-------- Given entries --------
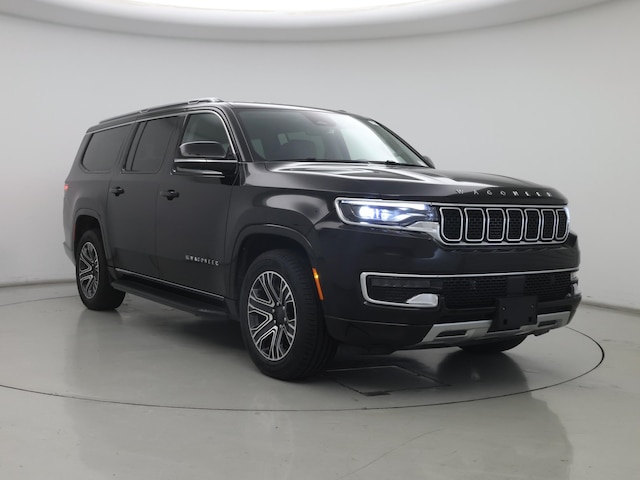 Black 2024 Jeep Wagoneer L Series II RWD SUV / Crossover 4X2 Automatic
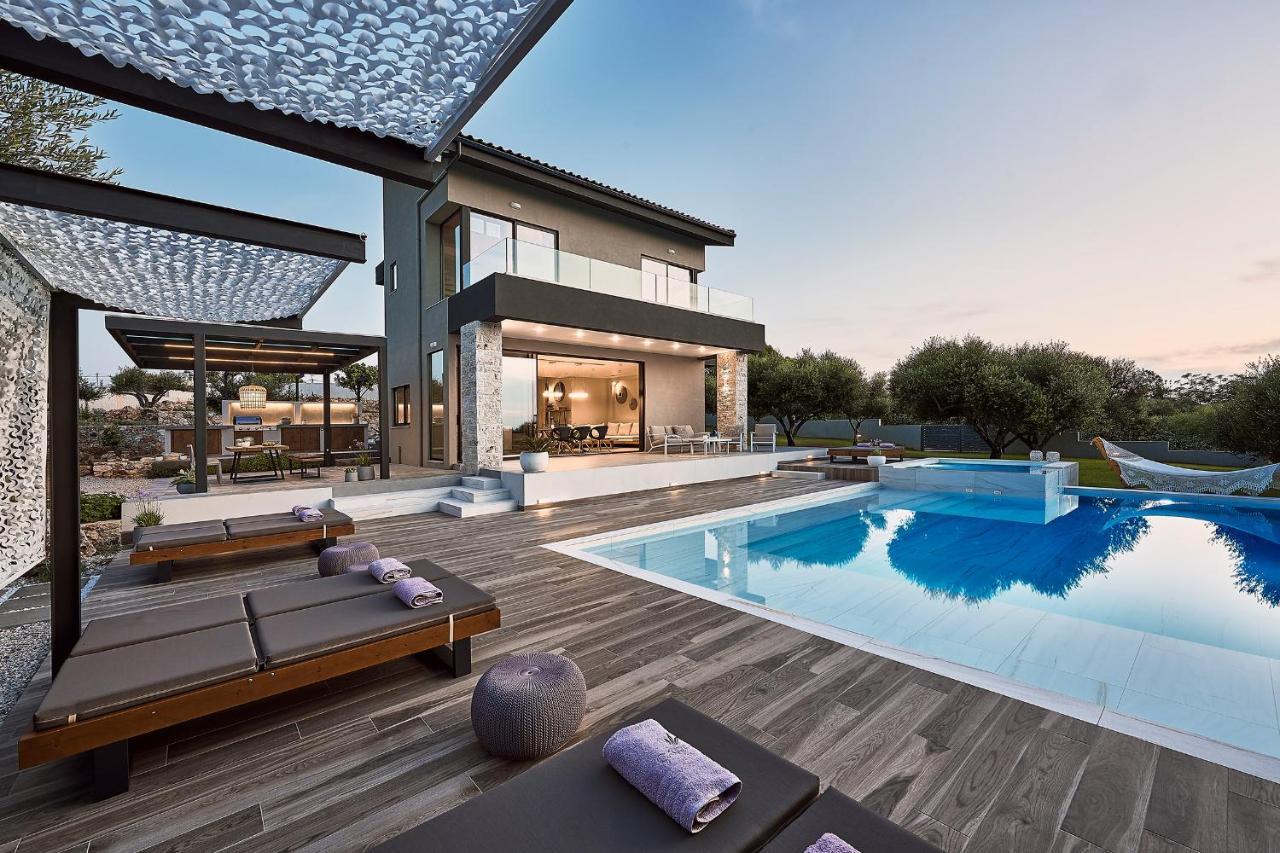 Villa Carpos Chania  Exterior foto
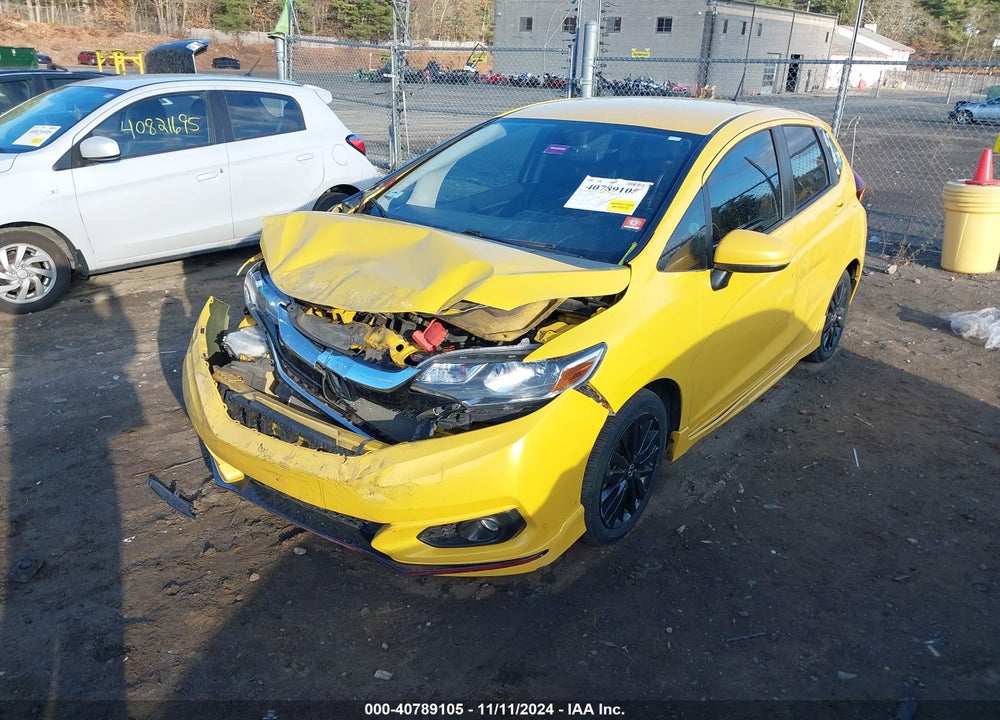 2018 HONDA FIT VIN: 3HGGK5G6XJM711270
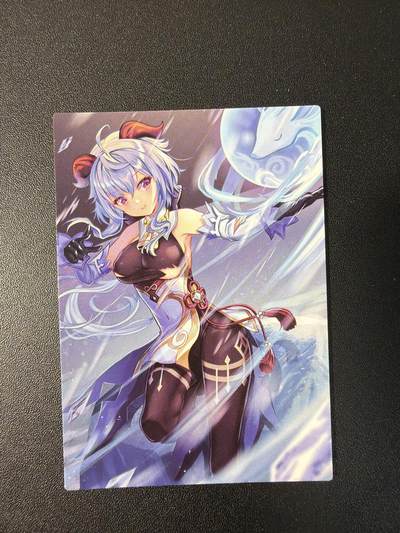 NO.31 好又多金牌大场，期期夯爆，每周必拍！要啥有啥，一站式配齐，方便凑单！（周6晚9点截拍，卖家送拍0抽成！） 原神 甘雨  彩闪 光柱闪 小圆点闪 3张 卡背不一样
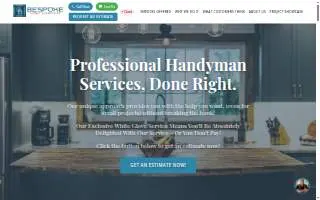Bespoke Home Solutions website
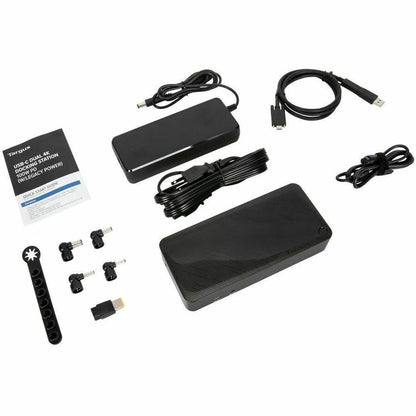 Targus DOCK192USZ Docking Station with 4K Support and 100W Power Delivery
--------
# Work order
Repeat every entry above exactly; images stay out of the copy.

# Output of the task
 Black 2024 Jeep Wagoneer L Series II RWD SUV / Crossover 4X2 Automatic
 Villa Carpos Chania  Exterior foto
 2018 HONDA FIT VIN: 3HGGK5G6XJM711270
 NO.31 好又多金牌大场，期期夯爆，每周必拍！要啥有啥，一站式配齐，方便凑单！（周6晚9点截拍，卖家送拍0抽成！） 原神 甘雨  彩闪 光柱闪 小圆点闪 3张 卡背不一样
Bespoke Home Solutions website
 Targus DOCK192USZ Docking Station with 4K Support and 100W Power Delivery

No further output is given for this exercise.